Un musicista dall’assoluto rigore tecnico, compostezza scenica, cui  bastava dirigere  con un leggero cenno del capo.

Festival Internazionale Scaligero Maria Callas 2018: tra le ricche iniziative in programma  anche un incontro  per ricordare l’illustre musicista di origine veneta, di Rottanova di Cavarzere,  Tullio Serafin a cinquanta anni dalla sua scomparsa. Un’occasione  suggestiva,  presso la Feltrinelli,  per rievocare il suo legame con la Callas,  diretta nel 1947, durante il  suo debutto in Italia,  proprio qui all’Arena di Verona come protagonista della  Gioconda di Amilcare Ponchielli.
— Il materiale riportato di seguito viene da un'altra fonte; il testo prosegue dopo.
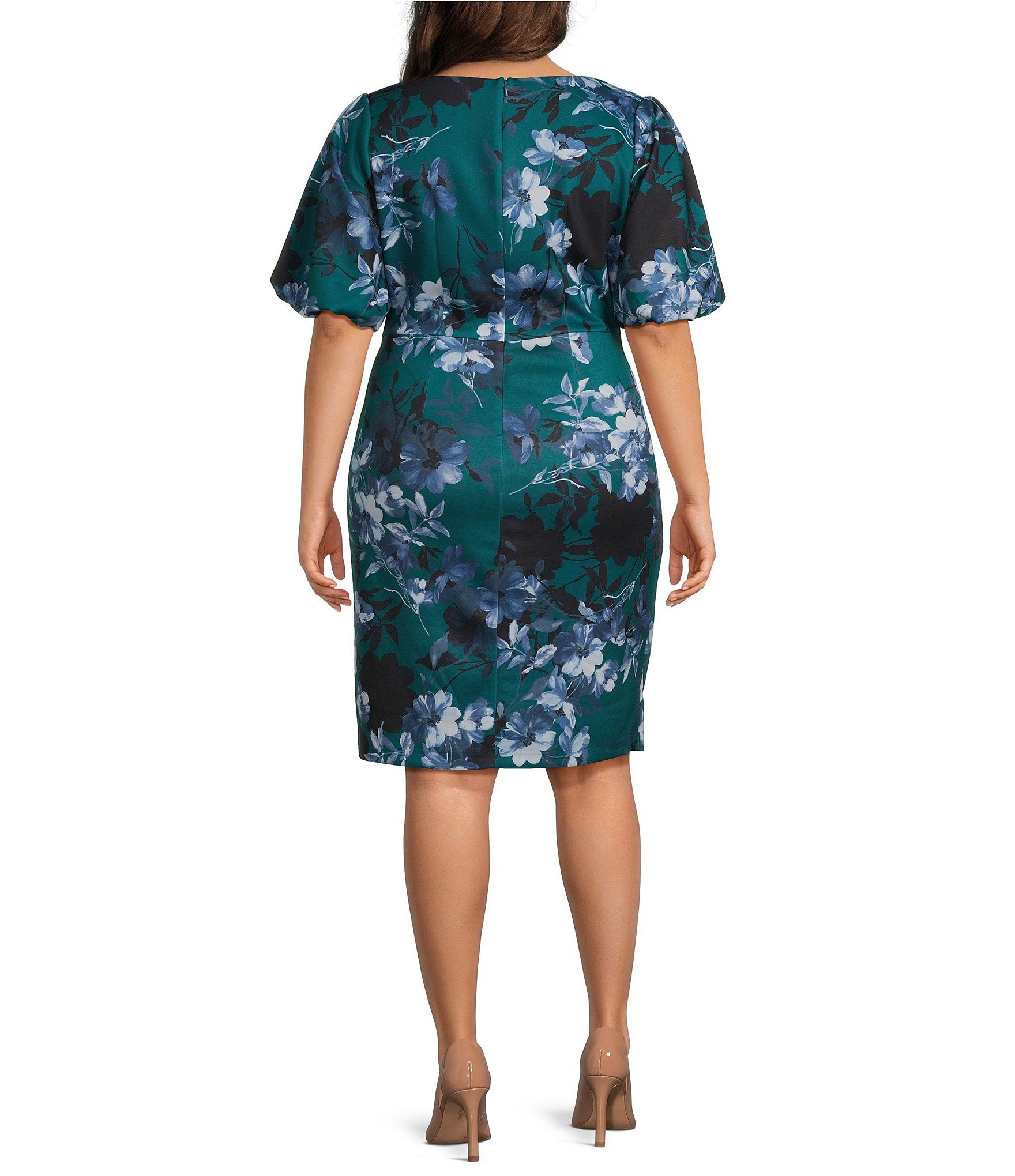 Alex Evenings Plus Size Short Puff Sleeve Square Neck Floral Dress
Presenti all’appuntamento il Maestro Nicola Guerrini,  fondatore e presidente  del Festival,  e la musicologa Nicla Sguotti, studiosa  dell’opera del direttore artistico ed autrice del libro Cinque lire per un biglietto, Tullio Serafin la musica e l’incanto, edizioni Apogeo 2018.  Un testo, accompagnato dalle originali  illustrazioni di Piero Sandano,  che ripercorre a grandi linee la vita professionale di un insigne Maestro, di un uomo che, come ha esordito Guerini, deve ritornare ad essere «esempio di come si deve lavorare a teatro».

Un musicista dall’assoluto rigore tecnico, compostezza scenica, cui  bastava dirigere  con un leggero cenno del capo.  Dunque personalità volutamente molto lontana da quel pathos e gestualità plateali, da quella seduzione magica del direttore d’orchestra  cui ci ha poi  abituati il teatro contemporaneo. Serafin:  non  un divo, ma una persona modesta, misurata,  convinta che «l’arte non è effetto, ma affetto», come riporta Guerini.  E amore, passione  per la musica, dedizione ad essa  costituirono del resto  tutta la sua  vita.  In principio fu la musica, potremmo dire per celebrarlo.
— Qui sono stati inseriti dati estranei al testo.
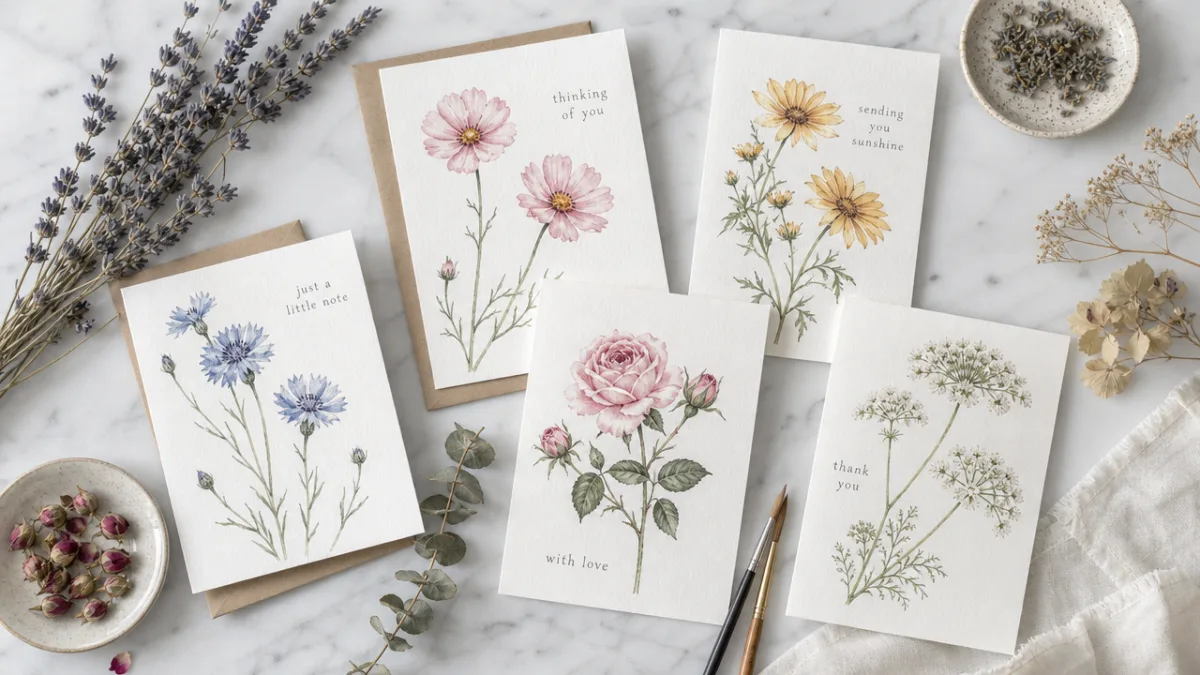 a flat lay of botanical greeting cards with watercolor flowers, dried herbs,…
L’attrazione per il bel canto lo rapì fin da piccolo quando, raccontano,  si tranquillizzava solamente all’ascolto di melodie. Una vocazione che lo portò ancora adolescente ad abbandonare il suo piccolo paese di provincia per andare a Milano a  studiare e diplomarsi al Conservatorio, lavorare poi alla Scala fino a  diventarne  direttore artistico. Anni di scuola,  duro lavoro, di un uomo che amava ripetere «mi sono fatto da solo». Verdi, Wagner i suoi grandi maestri dello spirito che egli portò spesso in scena. Sobrietà, intelligenza, ricerca della perfezione, sono le doti che contribuirono ben presto alla sua affermazione a livello nazionale ed internazionale, restituendogli fama e successo.

Soprattutto si distinse per quello  straordinario e ardito  intuito professionale che lo portò ad ideare il progetto di sperimentare  l’opera lirica all’aperto (sull’arena), nello specifico proprio in un anfiteatro romano qual è l’Arena di Verona. L’idea folle, inaudita per quegli anni si mostrò  invece un’impresa di modernità rivoluzionaria, una svolta di innovazione epocale per la lirica, si trasformò in un avvenimento strepitoso che tramutò l’Arena in un simbolo della lirica mondiale.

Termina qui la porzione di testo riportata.